Considering all the different things it can do, the Anthem integrated is one of the "best bang for the buck" products ............

hifiluver's picture

for the big $$$ it better perform. Still I liked the brand better when it produced simple straightforward and more affordable products like the Integrated 225.

ppgr's picture

The average is not smoother, it's only averaged :)

Manimaldoug's picture

That is one handsome amp. Beautiful

Bogolu Haranath's picture

"Get outta of my dreams, get into my car" :-) ............

volvic's picture

Always wanted a pair of these great speakers. A few years ago someone was selling a pair with every replaceable woofer and tweeter as spares. Should have jumped on the chance. Nice to see Mr. Norton still using his.

stasis05's picture

This was a great review, but I really wish the reviewer had been given more opportunities to explore the features--no opinions on either of the phono inputs, no trying it out with even more high end speakers to see how it compares to integrated amps two or three times its price, etc. Seems like the reviewer was forced to review it based on a stereotype of Anthem as a home AV brand first, audiophile-brand second. I would have loved to see how it stacked up against a Mark Levinson or Pass Labs Integrated to see if it could hold its own.

funambulistic's picture

I would also like to see how these integrated amps, in this relative price range, that have bass management/room correction (Anthem, Parasound, Outlaw, Classe) perform in a 2.1 configuration. I know a lot of stereo only folks that round out their systems with a subwoofer or two (including myself). I believe the only recent review of an integrated (receiver, actually) that incorporated subwoofers was that of the Arcam FMJ SR250, written by Mr. Rubinson

audiodoctornj's picture

Dear Mr. Norton, thank you for your insightful review of the STR. I do believe you summed up the STR nicely. We feel that the Anthem STR is an excellent piece for the money with a very clean detailed presentation even without using ARC.

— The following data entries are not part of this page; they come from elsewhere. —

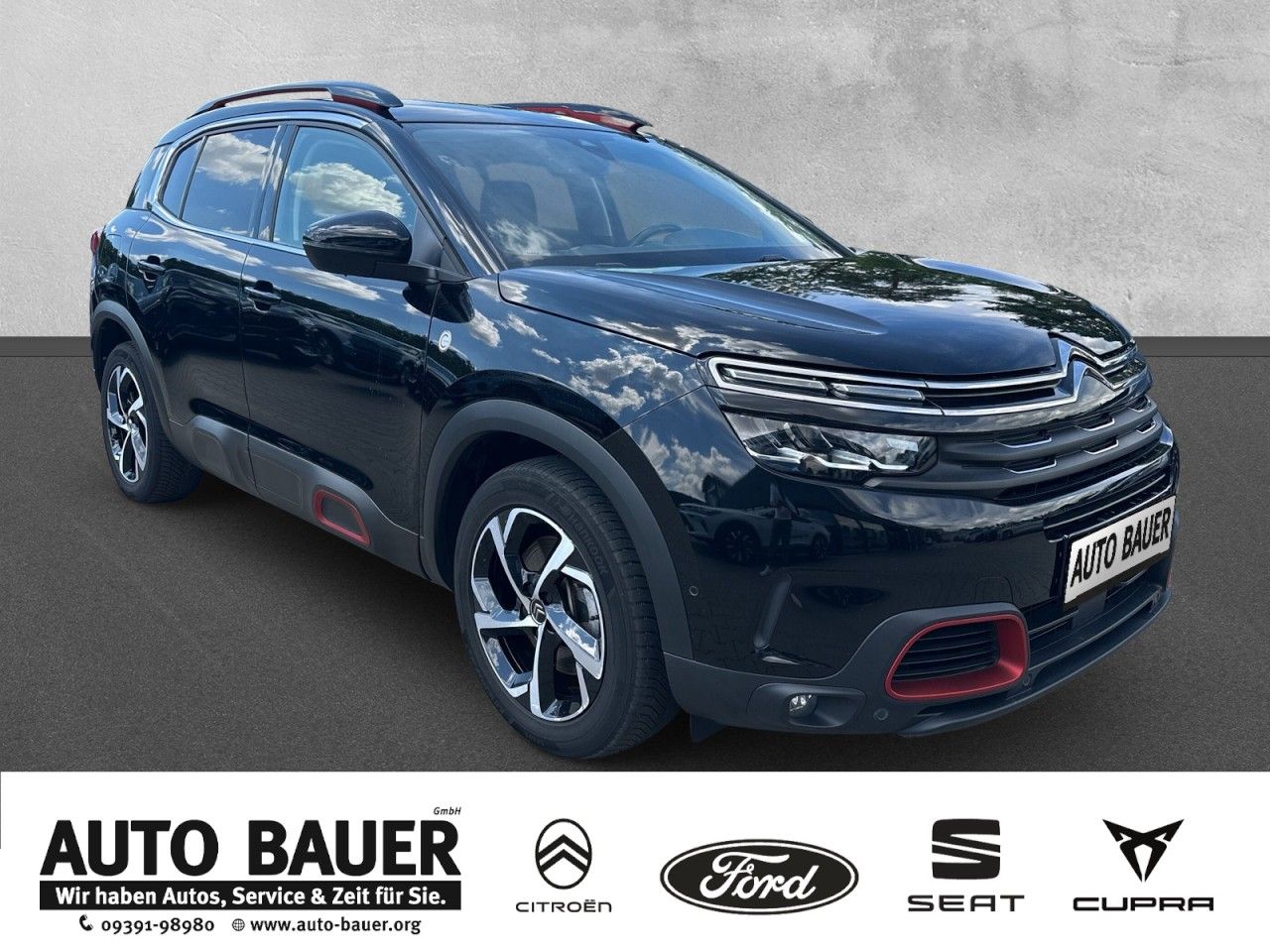Fahrzeugabbildung Citroën C5 AIRCR C-SERIES PT 225 HYB-ACC-Cam* - mit KI generiert/bearbeitet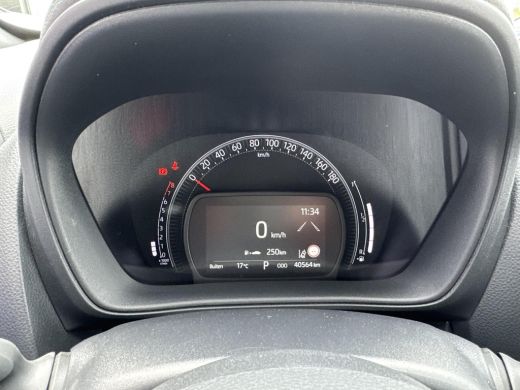 Toyota Aygo 1.0 VVT-i S-CVT Envy tot 10 jr Fabrieksgarantie | Navigatie | Achteruitrijcamera | Trekhaak ActivLease financial lease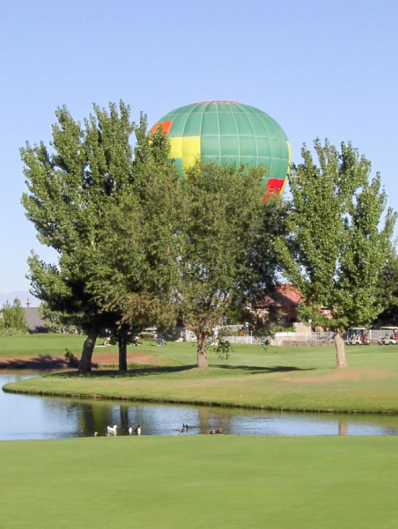 沙漠湖高尔夫俱乐部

When you combine the STR's excellent power amplifier stage, a state of the art Room Correction system, a very capable dac stage, and a phono stage for a very reasonable $4,500.00 the STR should be on anyone's list to check out.

Howerver, the real shocker is the more expensive STR series amplifer and preamp/dac at $10k. The STR amplifier and preamp/dac just has an even more liquid overall presenation, while improving upon all aspects of the integrated amplifier.

You have to spend considerably more money than the STR separates to really move into higher quality sound, so the gentleman who asked about other brands, the new Anthem STR series products are really good sounding and are very competitive with any of the major audiophile brands.

Dave Lalin, owner, Audio Doctor NJ

NPRlistner's picture

I am trying to decide between these two to run a pair of 4 ohm speakers at 90db sensitivity. I use a Lumin D2 for streaming. What are your thoughts Dave?